In Matthew 18:17, Jesus says, “If he refuses to listen to them, tell it to the church; and if he refuses to listen even to the church, let him be to you as a Gentile and a tax collector.” What does Jesus mean when He says “church” here? I thought the church wasn’t really a thing until the book of Acts…
The word “church” here is a translation of the Greek word ekklēsia. This word most literally means “assembly” or “congregation.” Since it eventually came to be applied to the gathering of Christian believers after Jesus’ resurrection, ekklēsia is most often translated as “church” in the New Testament.
However, at this point the disciples would not have had in their minds what the assembly of Christian believers would look like after Christ’s resurrection. Their primary point of reference for understanding what Jesus was talking about would have been the synagogue of the Jews. At that time (as throughout history since then), the synagogue was the primary gathering place for the Jews, especially away from Jerusalem (where the Temple was). The synagogue was the center of daily religious life, particularly in the reading and teaching of God’s Word, and it also carried a governmental significance in the community. We see this in the fact that people could be expelled, or “put out,” of the synagogue, like the man born blind in John 9.
The use of the word “church” here in Matthew 18 can be a little confusing, because it can make it sound like Jesus was at this moment clearly establishing a new and distinct religious institution apart from the synagogue.
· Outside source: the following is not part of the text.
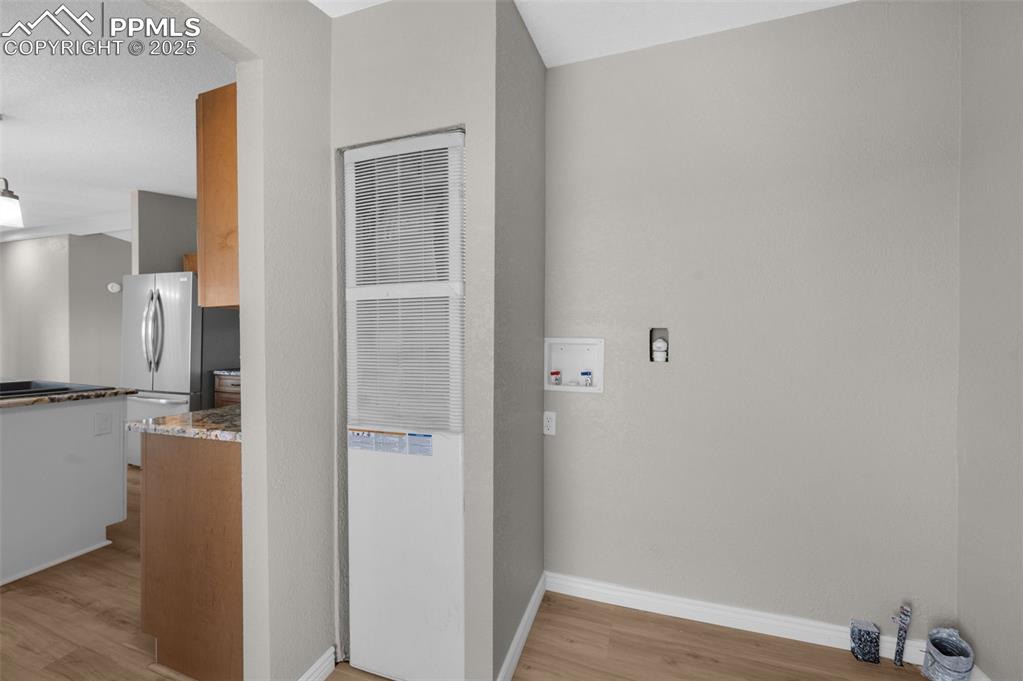 515 South Calhan Highway Yoder, CO 80864 - Photo 18 of 34 a view of a kitchen from the hallway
But the apostles would not have seen it this way. They did not see the “church” as an immediate clean break from the old way of doing things. Rather, they saw faith in Christ as a continuation of the Jewish faith, and rightly so. This is why they first went and preached the gospel in the synagogues, both at Jesus’ example and instruction during His presence among them, and also after His departure. Even when the apostles eventually went to Gentile lands, they habitually started by preaching the gospel in the Jewish synagogues, understanding that the gospel was “the power of God for salvation to everyone who believes, to the Jew first and also to the Greek” (Rom. 1:16). The synagogue was where the assembly (church) of God’s people happened at that time, so they started there. It’s only after the message of faith in Christ is repeatedly rejected in the synagogues that we see the gradual formation of the distinctly Christian gathering of God’s people which came to be called the “church,” and which consists of both Jews and Gentiles knitted together in Christ.
But understand, even though we today have the distinct word “church” for this gathering, the New Testament believers were still using ekklēsia, a general term for “assembly,” to refer to themselves. And there were other “assemblies” at the time, just like there are now. Some were religious, like the synagogues, and others were civil, like the “assembly” that gathered against the apostles in Ephesus (see Acts 19). So it was not the word “church” that set apart the New Testament assembly of believers. It was the fact that this assembly gathered in the name of Jesus Christ.
It’s helpful to remind ourselves of the actual meaning of church. It’s one of those words that we use so often, it can easily lose its significance in our minds. Jesus defines this assembly very simply when He says, “where two or three have gathered together in My name, I am there in their midst” (Matt. 18:20). This destroys the notion that “church” is just about your own personal experience with God. You may commune personally with God through prayer and praise while alone in nature, but that ain’t church. The New Testament condemns the “habit” of “forsaking our own assembling together” (Heb. 10:25); Jesus wants no part with those who refuse to join themselves in fellowship to His people.
A Note on Church Discipline
Don’t miss the context of Matthew 18. It’s important for understanding the nature of the church. We said above that one of the functions of the synagogue was governmental; the synagogue made judgments about those who were in and those who were out. This is a function which Jesus explicitly tells His disciples carries through to the Christian church.
We tend to think of Jesus’ words in v. 20—“where two or three have gathered together in My name, I am there in their midst”—as a sweet unconditional blessing from God on any group of people claiming to be gathered in Jesus’ name. But the context here is that of church discipline. Jesus is giving instructions for how to deal with an unrepentant member of the community. In fact, He requires His church to make judgments about such a person. When the church does so, it glorifies Christ as it demonstrates His authority and promotes the purity of the Christian community. While this passage is about what the church is, it is even more so about what our Lord expects His church to do.